Soon after The Witcher 3 was released, Gwent became so popular that emails flooded into the Polish studio asking for a standalone version: and at E3 last week CD Projekt Red announced just that. A free-to-play version of Gwent is coming to the PC, PlayStation 4, and Xbox One, but it's not just a prettied-up version of the game.

Gwent has been redesigned so that it can stand on its own, getting a number of features that go above and beyond what you'd expect from a free digital card game. Among this is a meaty single-player mode, that will include an hours-long campaign, complete with voice acting, moral dilemmas, and even a large map to explore. "We knew that we wanted to do more than just a port," says Monnier. "That's usually the CD Projekt way."

Gwent

At first glance Gwent looks similar to other digital card games like Hearthstone, but it's different in a few key regards. For one, all of the information in the game is tied to the cards themselves; there are no external currencies like mana or health points that influence what you can do or when you can do it.

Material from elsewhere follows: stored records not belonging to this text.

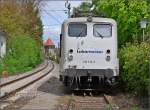 Auf dem Weg zur Arbon Classics. Das Zebra 139 212 hat keine Ausweispapiere dabei und muss leider in Deutschland bleiben, aber auf dem Stumpengleis an der Bahnhofsausfahrt macht sie auch eine gute Figur, endlich wieder im alten Einsatzgebiet. Mai 2008.

(Ersatz für ein altes 800-Pixel-Bild, das alte Bild wir später gelöscht)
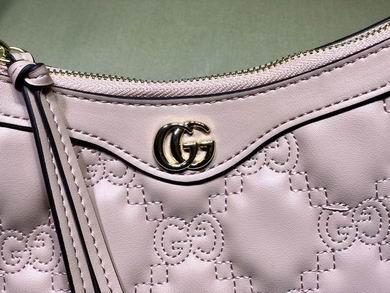 Replica Gucci Bags 1:1 735049 25X15X8cm DF 3colour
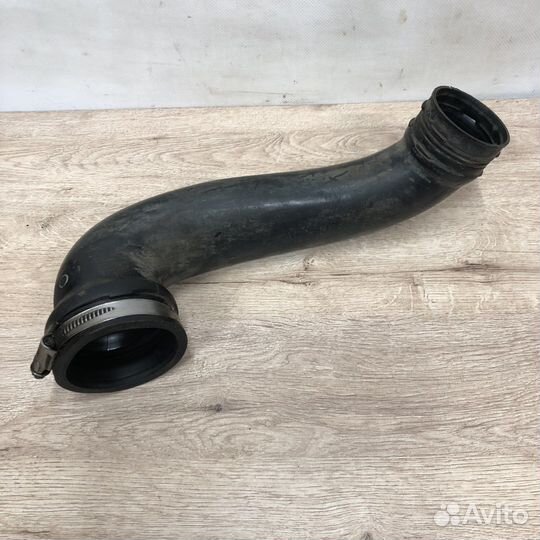 Патрубок интеркуллера Peugeot 9656202480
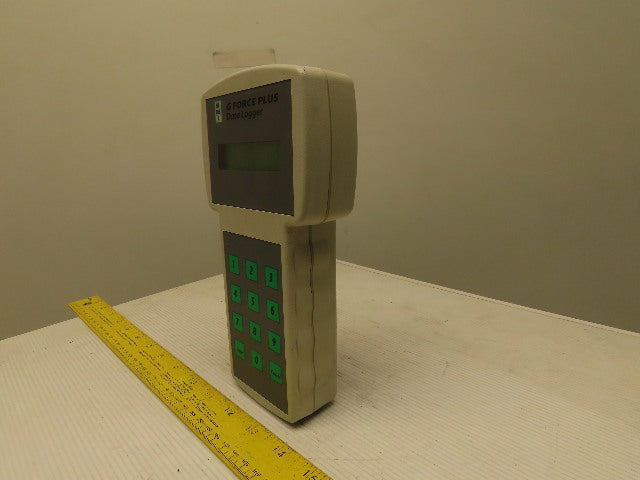 BMI G Force Plus Forklift Fleet Maintenance Data Logger Code Reader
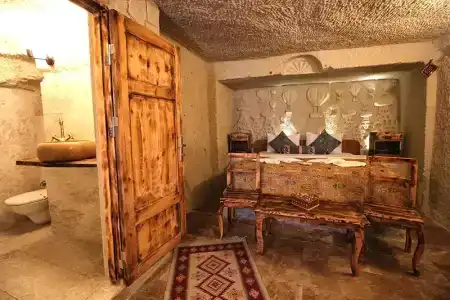 Cappadocia Ennar Cave - 96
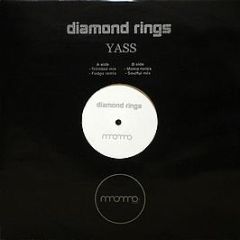 Yass - Diamond Rings - Momo Records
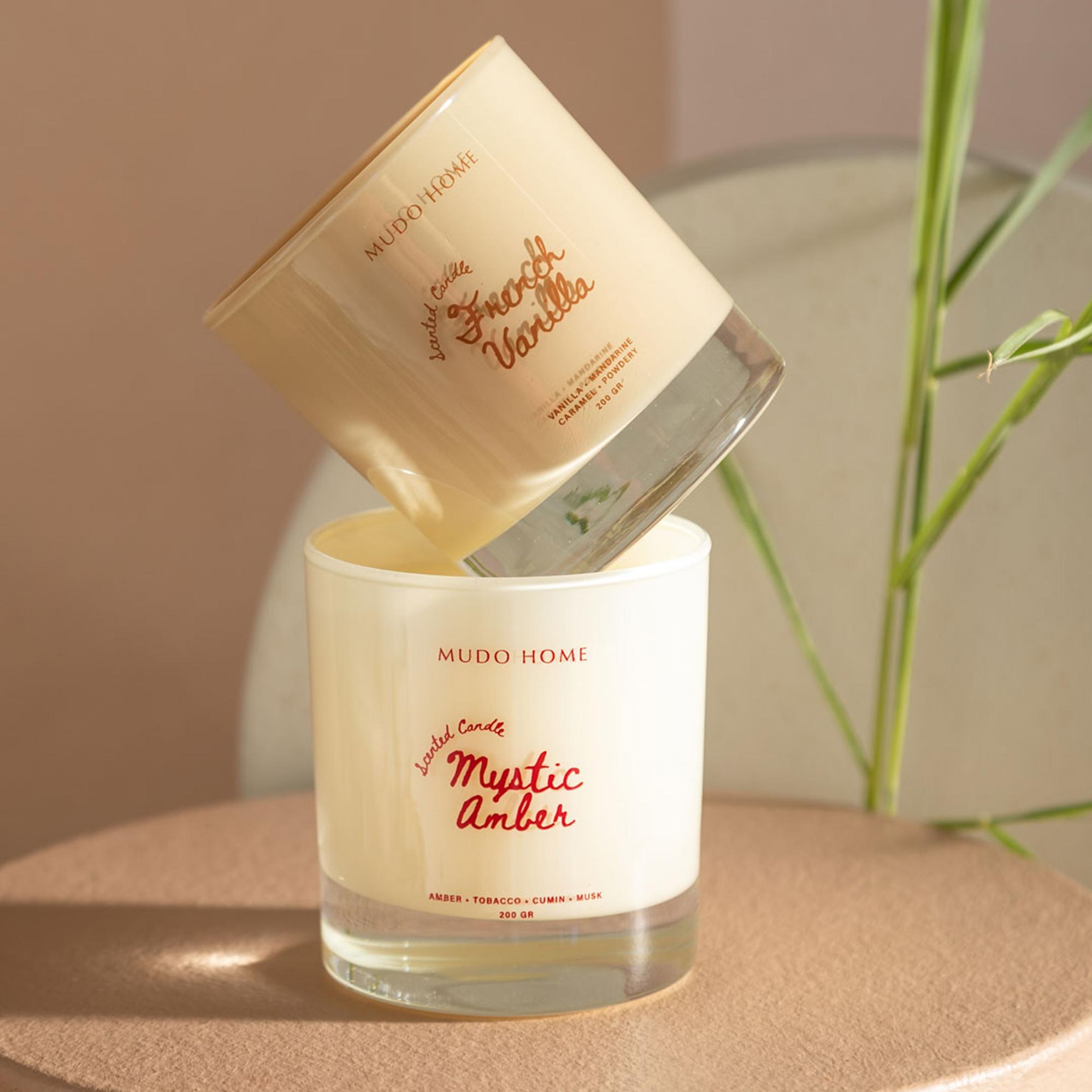 FRENCH VANILLA MUM 200GR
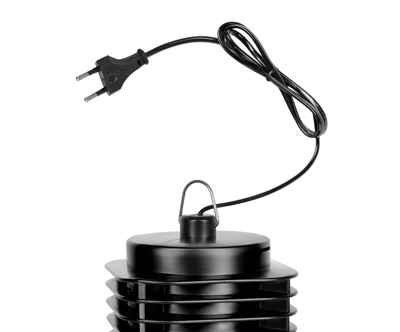 Električna viseča UV svetilka za odganjanje mrčesa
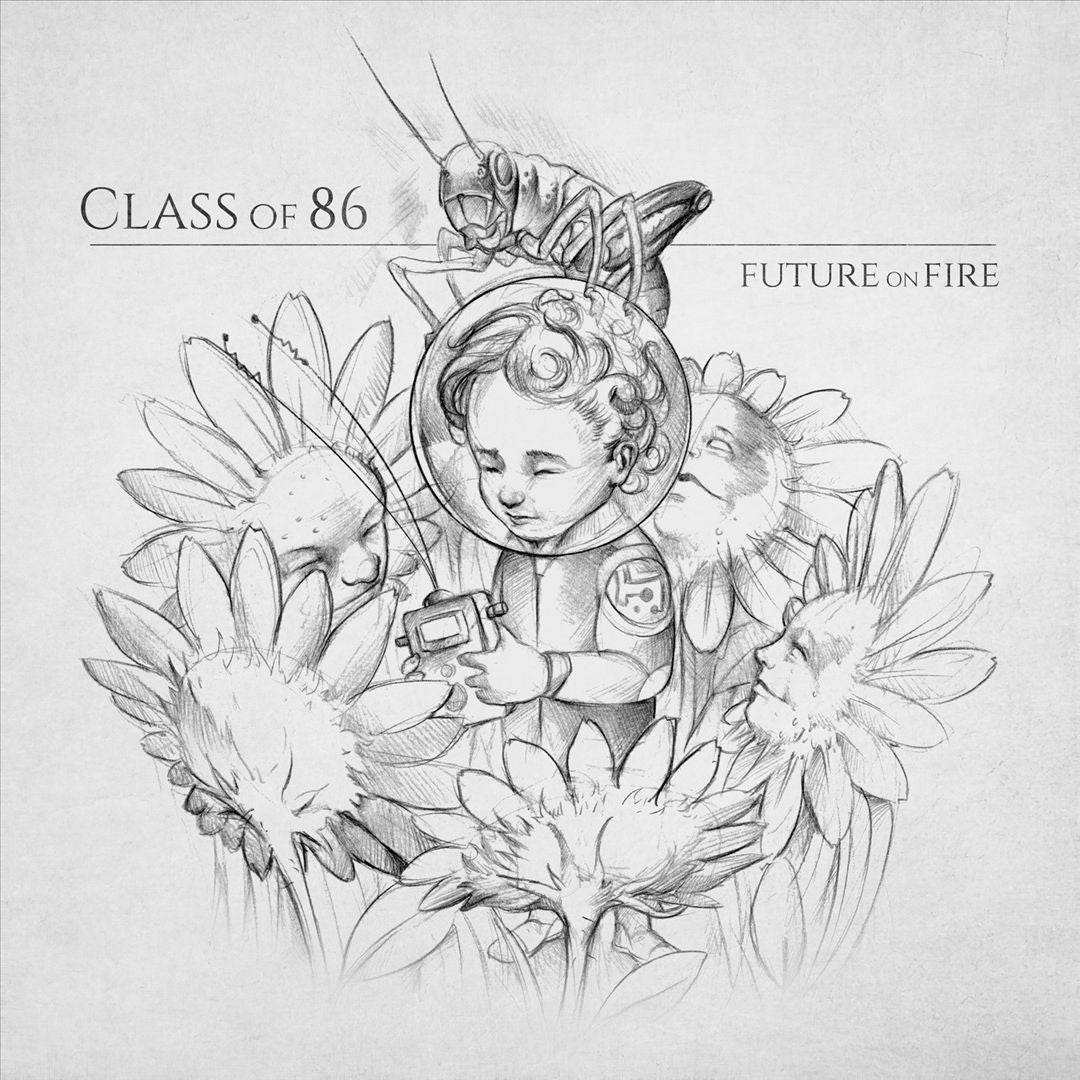 Future on Fire cover art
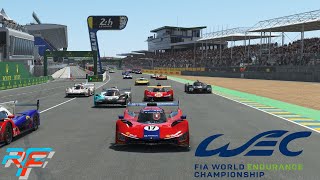 WEC 2023 Comes To rFactor 2 Thanks To Storm Gang Simulation  Ferrari 499  Le Mans  New Link 👇 👇 [upl. by Arlyne]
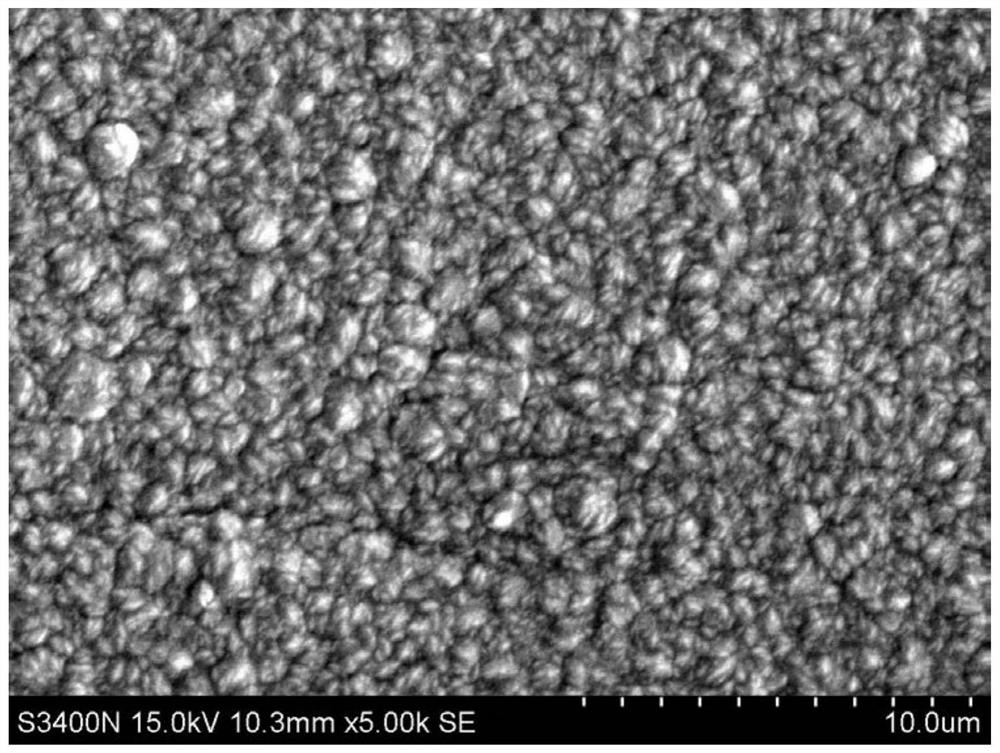 A kind of Ni base alloy-graphene current collector and its preparation method and application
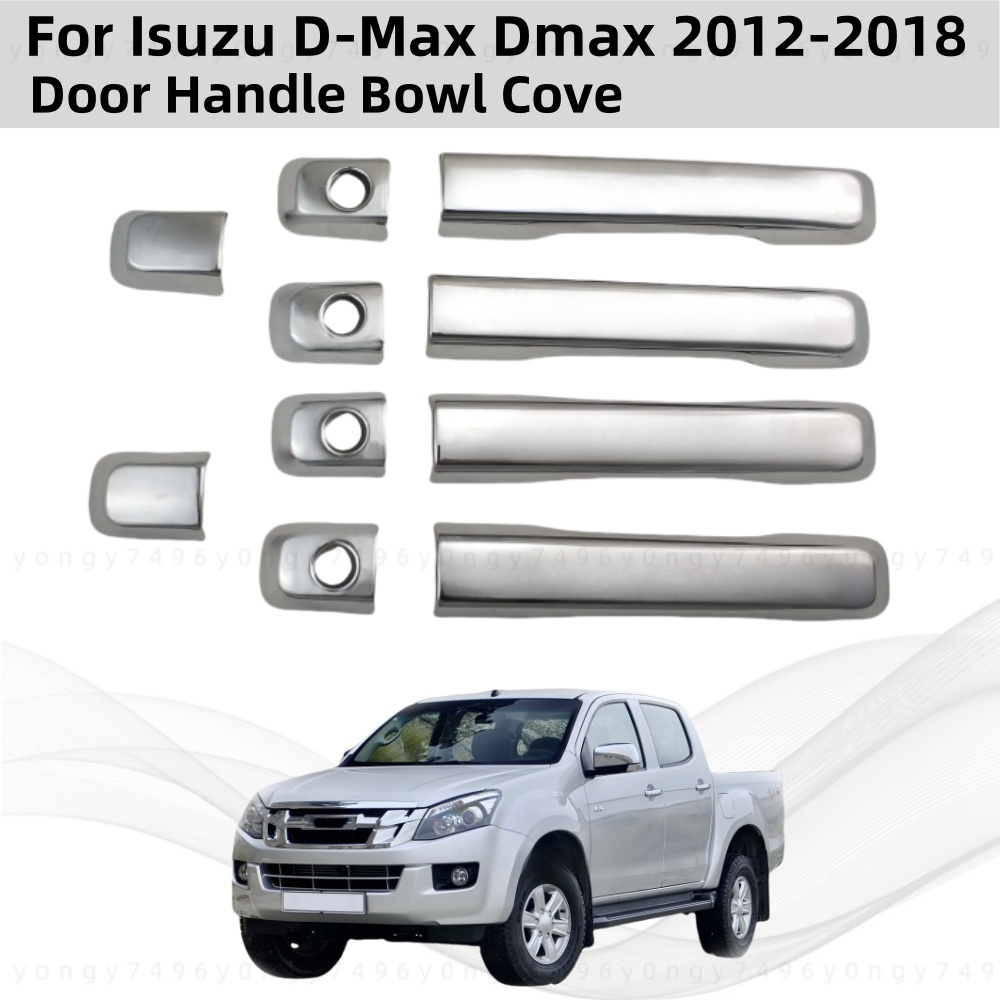 Acessórios cromados para maçan - D.A.D Car Accessories avaliação e preço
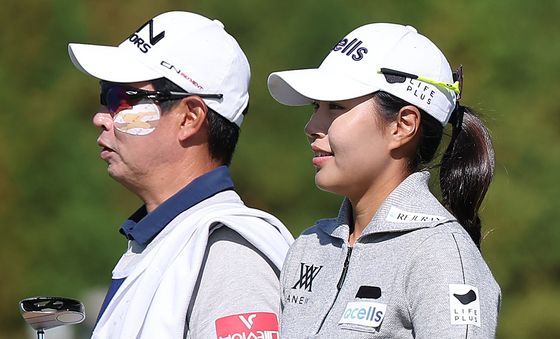 '16언더파' 성유진, LPGA 첫 승 노린다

The game relies as heavily on bluffing and subterfuge as it does on deck building. "It's closer to poker, I would say, than other card games," Monnier explains. "It's all about knowing how to manage your hand." The cards are also relatively easy to understand: the visual design is clean, communicating important attributes at a glance, and in most instances, cards only have a single special ability you need to learn.

"It's closer to poker."

Just like with the original version of Gwent, Monnier has been able to rope in some impressive talent to design the single-player aspect of the game. Gwent will feature the same lead writer and quest designers as The Witcher 3, as well as the voice talent behind characters like Geralt and Yennifer. The card game and narrative also look to be well-integrated with one another. When you stumble upon a recipe for an explosive device in the game, for instance, that card will be added to your deck, while a battle that takes place with the evil Wild Hunt will already feature a game board altered by frost and other elements.

Gwent

"My point of view was that Gwent worked really well, and a good part of that was because it was part of The Witcher," Monnier says of the surprisingly big focus on story. "It worked well within the world." He adds that, from the perspective of the writers and designers, "All of the stories are things that they didn't get to tell [in The Witcher 3], that they had in their mind, so you get to see another side to some of the stories from The Witcher. It runs in parallel." And with The Witcher 3's final expansion now released — and no word on when we can expect Geralt's next adventure — Gwent's campaign could be the last chance in quite some time to enjoy CD Projekt Red's dark and beautiful fantasy world.

"You get to see another side to some of the stories from The Witcher."

Monnier also believes that Gwent could potentially serve as a sort of gateway drug to The Witcher universe. It was made because the hardcore fans requested it, but it's being designed in a way that anyone can pick it up and play. "A lot of people enjoyed The Witcher 3 without having played the first one or the second one," he says. "For us it's exactly the same goal. Even if you don't know who a character is, you can still appreciate the story."

It's also a game that will continue to expand with new content after it launches. CD Projekt Red is known for over-delivering — The Witcher 3's massive, incredibly detailed world being just one example — and that looks to extend as the company explores the free-to-play card space.

"We don't know when it ends," Monnier says of Gwent. "No one does."